Luciolle and I bonded immediately. I know one shouldn’t have favorites but sometimes it just happens.

My long time friend Erick lives in Burgundy in the east central France. We met years ago in Australia, not long after he had arrived to forge a new life for himself in the Antipodes. After nearly 30 years in Australia, Erick decided to return to live in France. He purchased a wonderful old farm in Bourgogne.”

Bourgogne is a rich farming region of southern France, famous for its Burgundy wines (as the name suggests) and also for its Beaujolais. At one time the Duc de Bourgogne was touted as the richest man in France, better financially endowed than even King Louis XV, which must have irritated the King to no end. This wealth attracted even more wealth, as many of the aristocracy from the time moved to the region. The dinner parties were legendary. Hence there are amazing chateaux and country mansions dotted all over the countryside.

Erick preparing endive for some of the tortoises

Erick has a particular penchant for looking after animals. Partly to satisfy this nurturing need for his fellow creatures he has created what he calls “Erick’s Ark”. The farm caters to animals which have been abandoned or are destined for the meat-works. Erick intervenes, for the most part, by purchasing as many of these animals as he can, providing a caring, peaceful life on his farm where they can live out the rest of their lives.

Some of the Breton Draught horses as well as the 2 mules (front)
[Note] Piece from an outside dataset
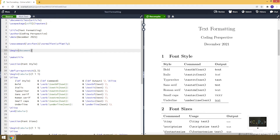Hello everyone! In this video, I will talk about text formatting in LaTeX. More specifically, how to change font style and size.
For example, when he hears about a horse destined for the Japanese sushi market, he mobilises and pays the “meat price” (usually 3.50 Euro/kg) to rescue the animal. He then organises transport to his farm, so it can frolic in the pastures of his Burgundy sanctuary. A normal sized Breton Draught horse (he has four or five of them) can sell for up to 3,500Euro, depending on the weight of the animal.

If I remember correctly, Erick’s family now consists of various tortoises (I keep getting confused between turtles and tortoises – Erick set me straight with the fact that turtles live in water and tortoises live on land), 5 dogs, 4 pigs, 6 peacocks, 14 donkeys, 2 mules, 12 horses and 3 Spanish mountain goats … and growing.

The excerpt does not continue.